The percentage of California’s budget spent paying bondholders will climb to its highest since at least 1977 even as the state borrows less, Treasurer Bill Lockyer said.
Debt service will increase to 7.8 percent of the general fund in the fiscal year that began July 1 from 7.1 percent last year, Lockyer said in his annual debt-affordability report released today. The portion was 2.36 percent in 1991 and 1.47 percent in 1977. California is the largest issuer of municipal debt in the U.S.
Lockyer and Governor Jerry Brown imposed a moratorium on selling bonds through the first eight months of this calendar year as they sought to erase a $26 billion deficit. The reason for the increase in the debt-service percentage is because, even though debt issues flattened, tax revenue declined by almost 7 percent, Lockyer said.
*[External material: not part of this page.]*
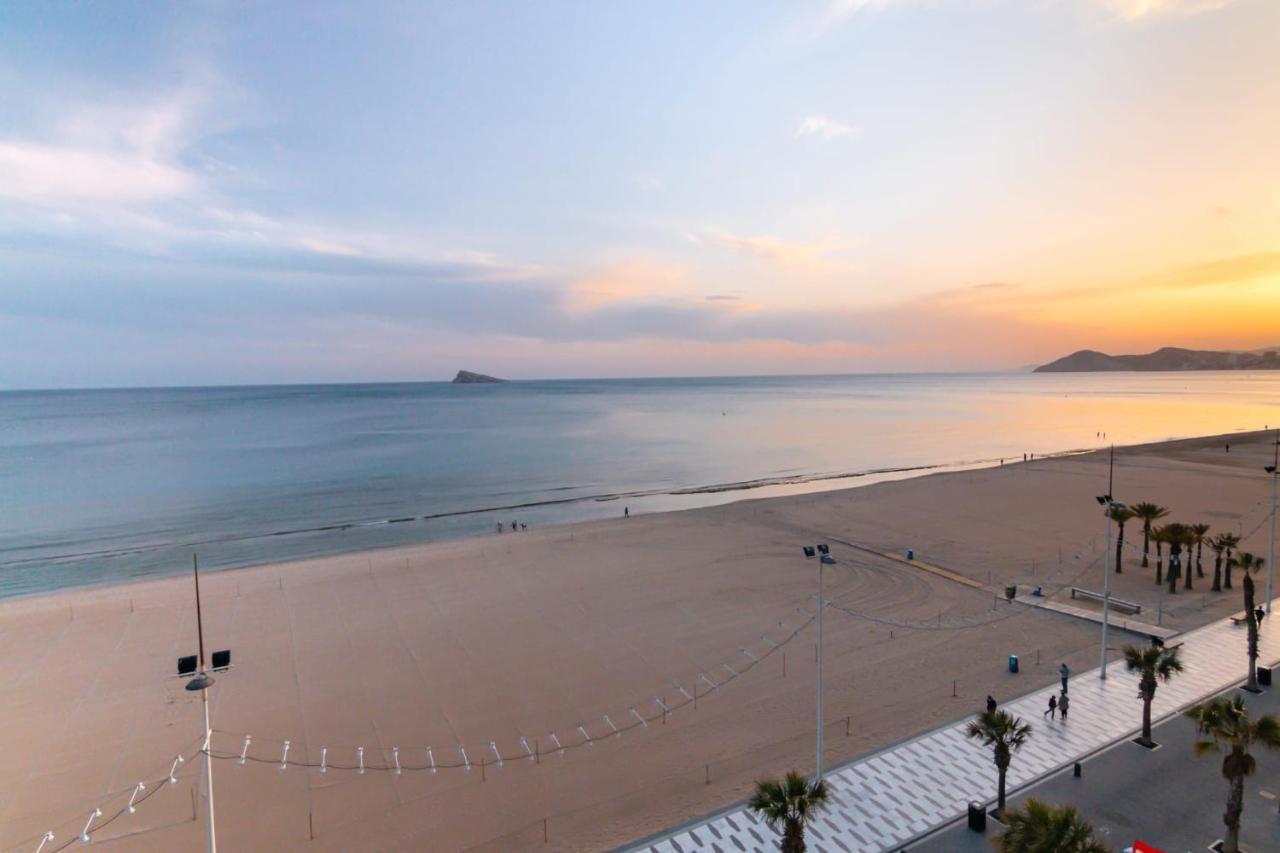 Luminoso Apartamento En Primera Linea De Playa بينايدورم المظهر الخارجي الصورة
“The next 10 years will require sustained fiscal discipline and hard work,” Lockyer said in a statement. “With limited general-fund resources, we have to both heavily invest in infrastructure and adequately fund critical public services. Reducing the general fund’s infrastructure-financing burden should be in the mix of options for striking the right balance.”
The state will pay $6.9 billion in debt service from $88.5 billion in general fund revenue this year, compared with $6.8 billion of debt service from $94.8 billion in revenue last year, according to the report.
Lockyer sold $2.4 billion of general-obligation bonds Sept. 20 and plans to sell about $15 billion in total through June 2013. He sold $27 billion of long- and short-term bonds in calendar year 2010.